He was my dog Belle's sire. Sadly, his career was cut short by Canine Cognitive Disorder, so he never got the last few points for the FC/AFC titles. And Mike, his call name was Pi (3.14.........), not "Pie" LOL!-Paul


----------



## Todd Caswell (Jun 24, 2008)

Didn't look at the date on the first post thought Fred was Back


----------



## Bridget Bodine (Mar 4, 2008)

Looks like Fred is on a roll with a Grady pup


----------



## Buzz (Apr 27, 2005)

I see he has 3 senior passes out of 4 this year.

Not sure what the definition of tearing it up is.


----------



## Eric Fryer (May 23, 2006)

I met him at the Las Vegas Retriever club test last month. Seemed like a nice enough guy.


----------



## moscowitz (Nov 17, 2004)

Paul your right Pi . I should know better. When I first started this game. I trained with Rex and Pi. All I can say WOO.


----------



## BonMallari (Feb 7, 2008)

Eric Fryer said:


> I met him at the Las Vegas Retriever club test last month. Seemed like a nice enough guy.


in Fred's defense he is probably one of the most misunderstood guys to have graced the RTF..I tangled with him on here and then I not only got a chance to meet him but I also trained with him on more than one occasion along with waiting on he and his wife at the restaurant.

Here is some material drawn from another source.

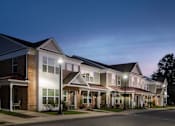 Thumbnail 4 of 5 - a row of town houses with street lights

He is actually a very astute dog person, but not your conventional retriever dog trainer, what Fred has done is take what he knows as a trainer of K-9 dogs and apply those principles to the retriever games. He was really trying hard to learn the idiosyncracies of the retriever dog games, and in the process came across to the conventional trainer as being abrupt and abrasive here on the RTF

Fred marches to the beat of a different drummer and will never be confused with your typical retriever pro, BUT I will give him his props,that he does some good work with dogs in other applications, and if he is making passes in HT's then he has educated himself on how the games are played


----------



## Bridget Bodine (Mar 4, 2008)

now Buzz, I said on a roll, not tearing it up


----------